You do not need to write out the data unless you wish to restart the calculation to continue.
Next: Molecular dynamics. Run your dynamics; you
will get a copy of the output to the screen in the file
log.lammps (so that you can see how your stress changes
with time, which corresponds to the change in strain), and you can
visualize your dislocation geometry in Ovito.
[Report] Capture the xy stress
vs. time-step data in your log.lammps file, and make a plot
of stress vs. strain in MATLAB. Note: You
will need to convert your time step into a strain by multiplying the
time by the corresponding strain rate. You stress is output in “bar”
(metal units); convert to MPa. Make sure your units make
sense! Identify the point where the stress stops increasing with strain:
this is an indication of the dislocation moving.

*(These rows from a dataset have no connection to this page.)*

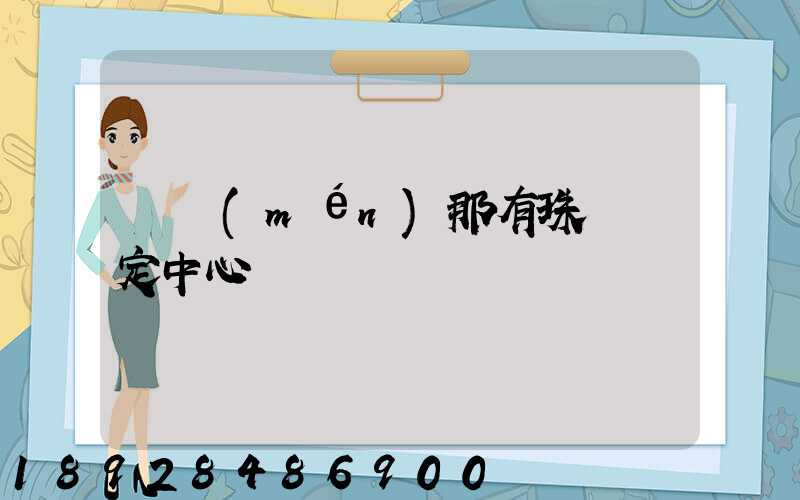 廈門(mén)那有珠寶鑒定中心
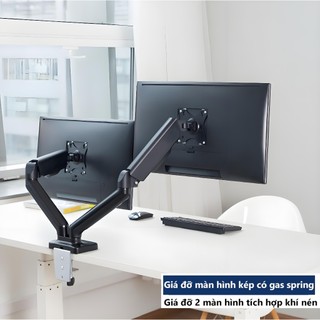 Giá treo 2 arm màn hình 17-34 inch 9 kg Xoay 360° và điều chỉnh đa  Góc điều chỉnh từ Không cần khoan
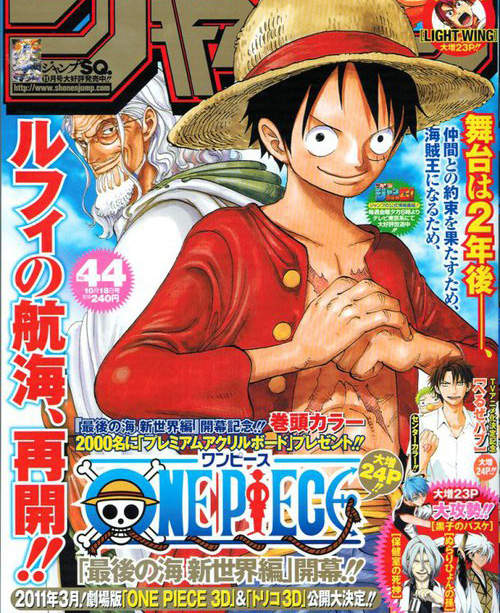 ONE PIECE海賊王劇場版3D化 2011年3月公開決定! - 圖片1 ONE PIECE海賊王劇場版3D化 2011年3月公開決定! - 圖片1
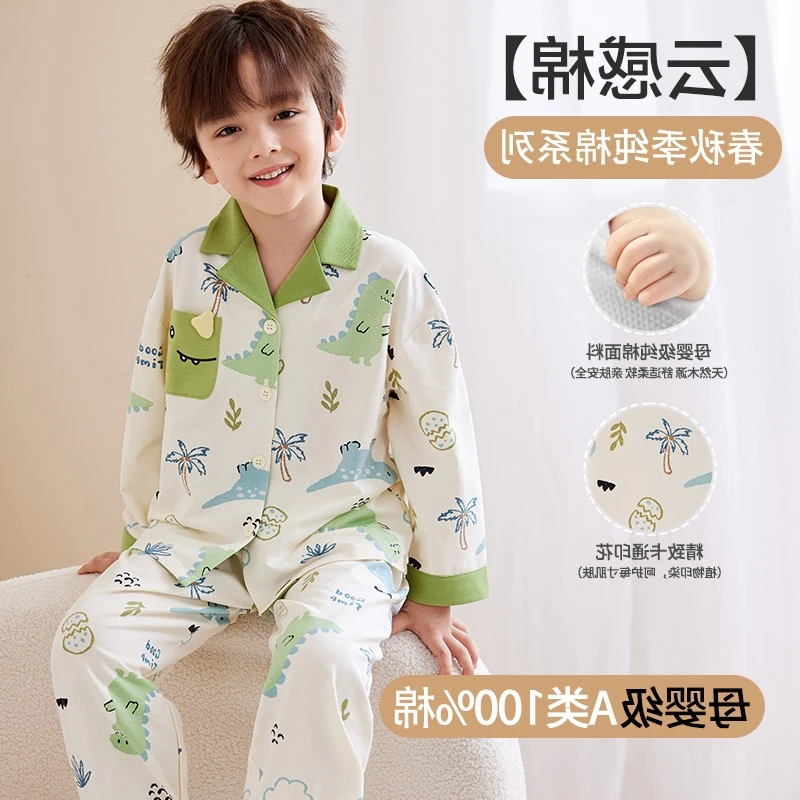 巴拉巴拉2025男童睡衣春秋季2025新款A类纯棉长袖儿童男孩中大童1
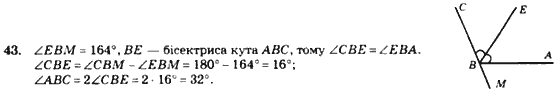 Геометрія 7 клас. Збірник задач і завдань для тематичного оцінювання Мерзляк А.Г., Полонський В.Б., Рабінович Ю.М., Якір М.С. Вариант 43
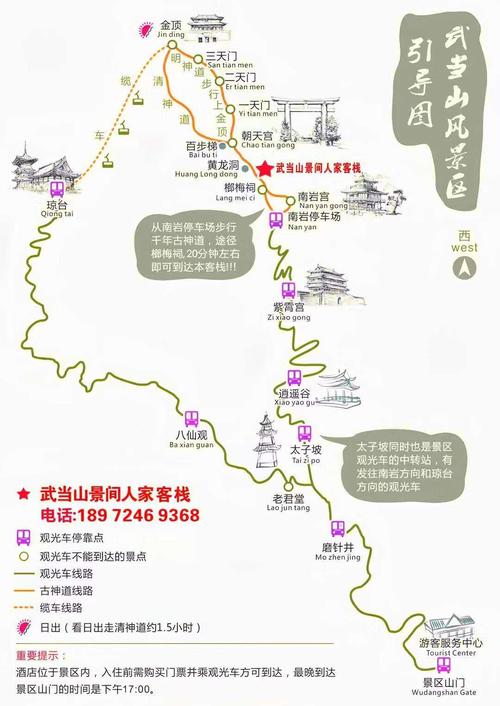 拜读,湖北武当山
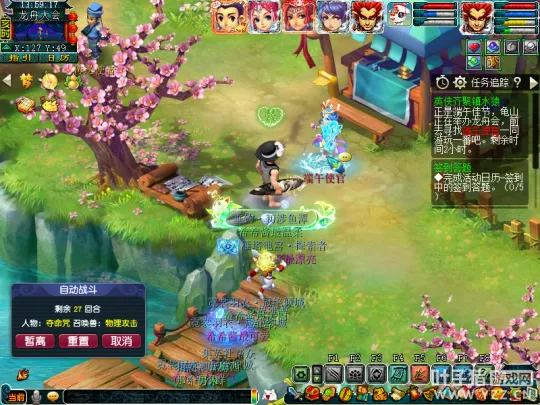 diablofans游戏攻略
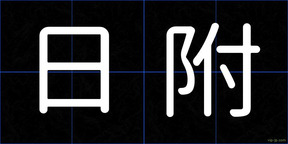 日附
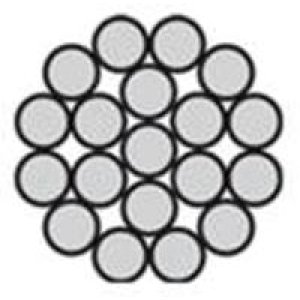 *POA* 9656 CABLE AERIAL CONDUCTOR BARE KUTU 49.5MM 7/3.0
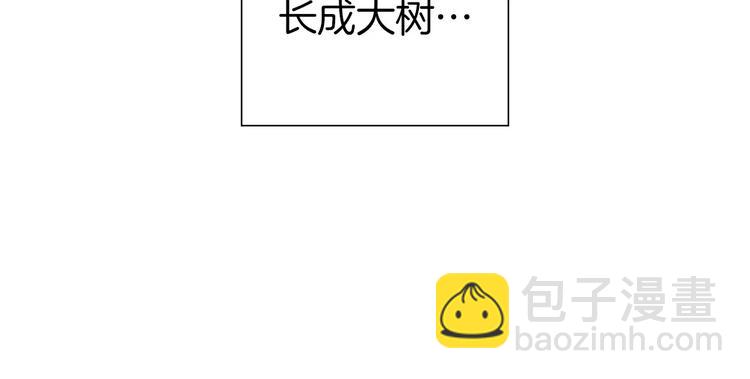 第109话 树142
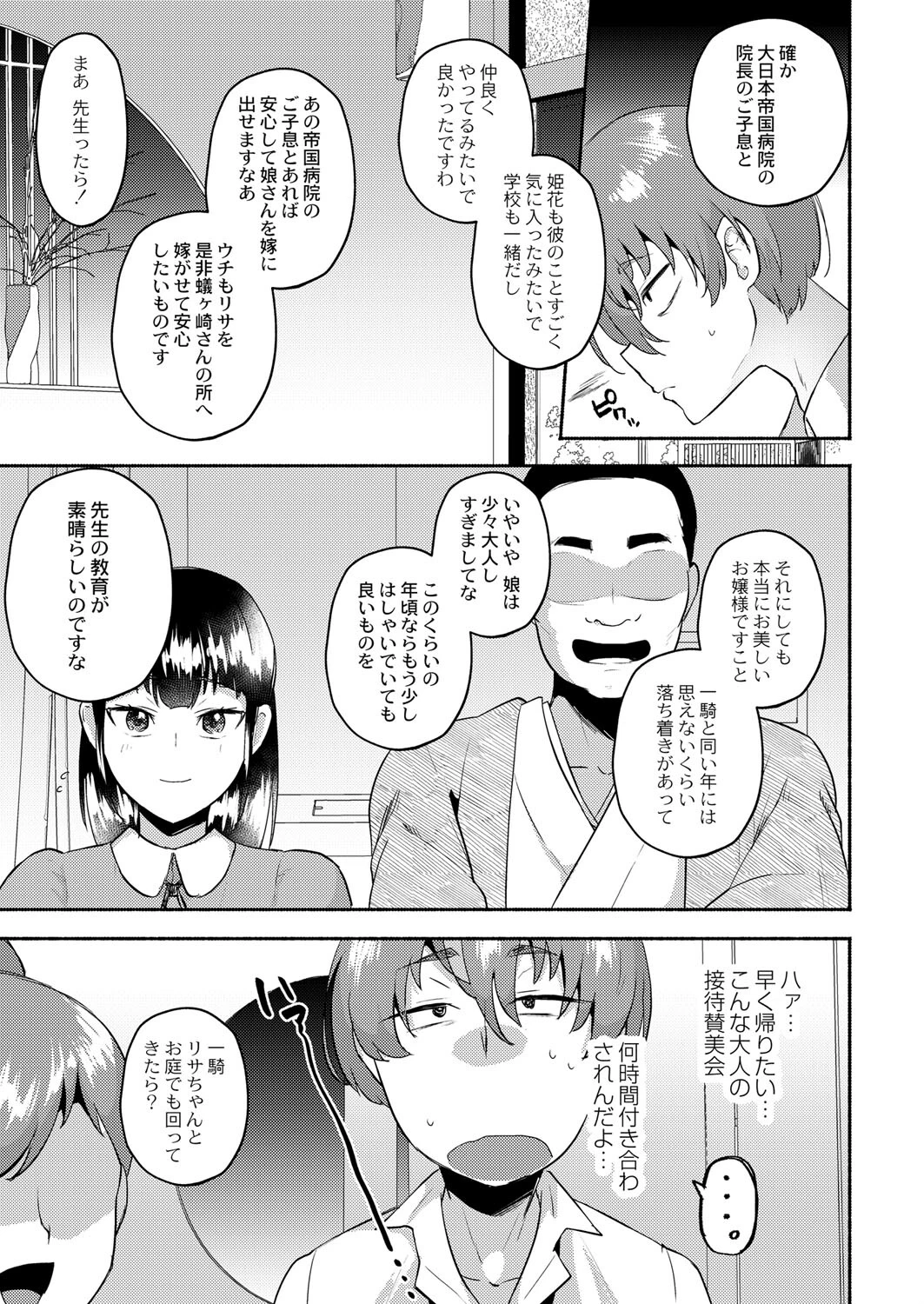 ドMな妹を野外で種付けしてやった（単話） 3ページ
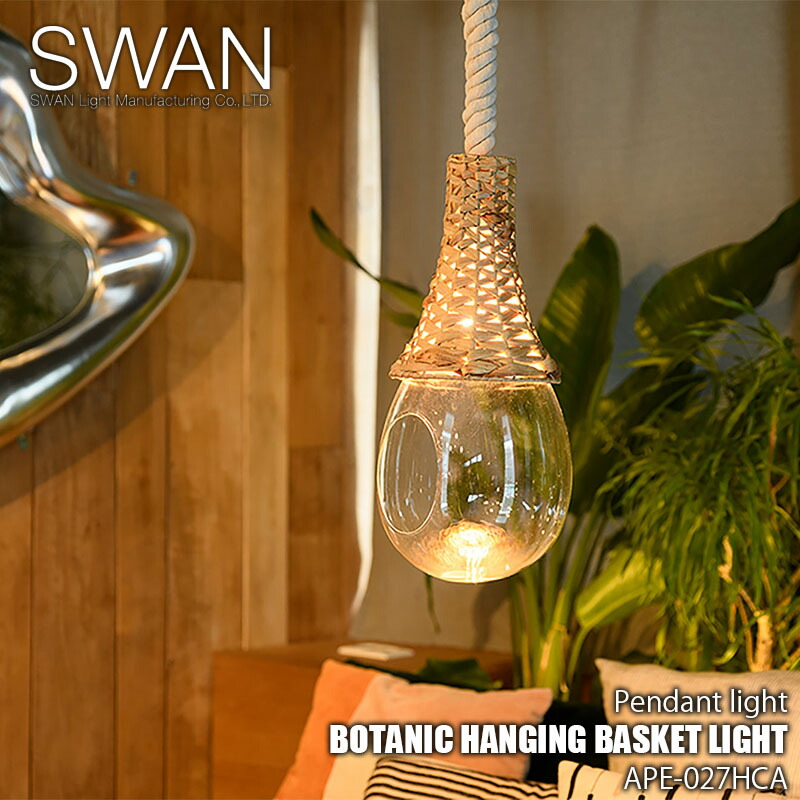 楽天市場】【受注生産:1W〜10日程度】SWAN スワン電器 Another Garden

[Report] Visualize your dislocation trajectory. Using the same methods you did for thermalization, watch to see the dislocation glide in the positive x direction. Does this correspond with where you saw the stress drop in your stress/strain plot? Make screen shots of the dislocation at the time step before motion and after motion.
Estimate your Peierls stress at finite temperature from your single simulation: does your result seem reasonable to you? You may want to change the strain rate (which may necessitate changes to the trajectory length, too), or how often you output data, to further investigate.
By this point, you should have a reasonable set of input scripts that take you from relaxation to thermalization, to the application of stress. These have now been tested for the “small” simulation size you initially chose. You should repeat your calculation with a cell that is at least 40Å in radius and 40Å along the threading vector.